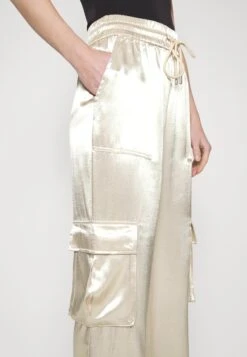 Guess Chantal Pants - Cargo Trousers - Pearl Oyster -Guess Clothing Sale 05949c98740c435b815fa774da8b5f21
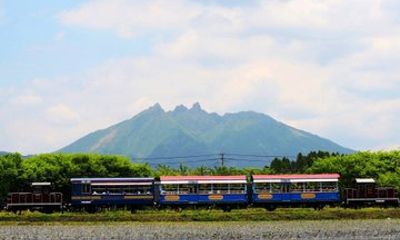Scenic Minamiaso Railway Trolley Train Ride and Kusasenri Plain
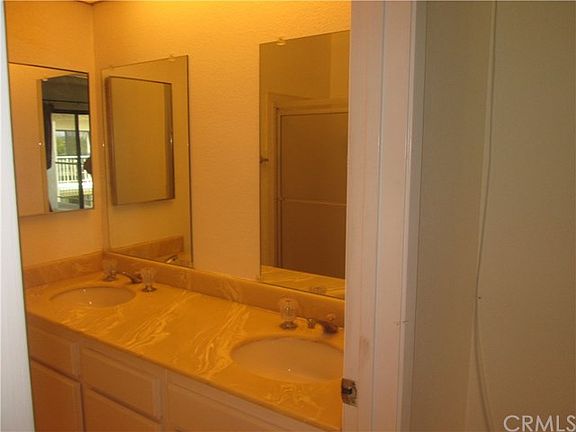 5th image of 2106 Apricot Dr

## Work to be completed:
What is needed is an exact copy of every line from the one with "Scenic Minamiaso Railway" to the end of the listing above, with the pictures left out.

## Problem solution:
Scenic Minamiaso Railway Trolley Train Ride and Kusasenri Plain
 5th image of 2106 Apricot Dr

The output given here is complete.